---------- DATA BELOW

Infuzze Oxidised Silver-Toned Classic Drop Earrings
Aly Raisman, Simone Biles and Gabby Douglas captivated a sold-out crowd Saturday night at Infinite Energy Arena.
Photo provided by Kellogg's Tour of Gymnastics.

--------------------

PROMPT.
Repeat the lines from the one containing "Aly Raisman, Simone" through the end of the listing, exactly and without any other lines; both ends are included.

REPLY TO THE TASK.
Aly Raisman, Simone Biles and Gabby Douglas captivated a sold-out crowd Saturday night at Infinite Energy Arena.
Photo provided by Kellogg's Tour of Gymnastics.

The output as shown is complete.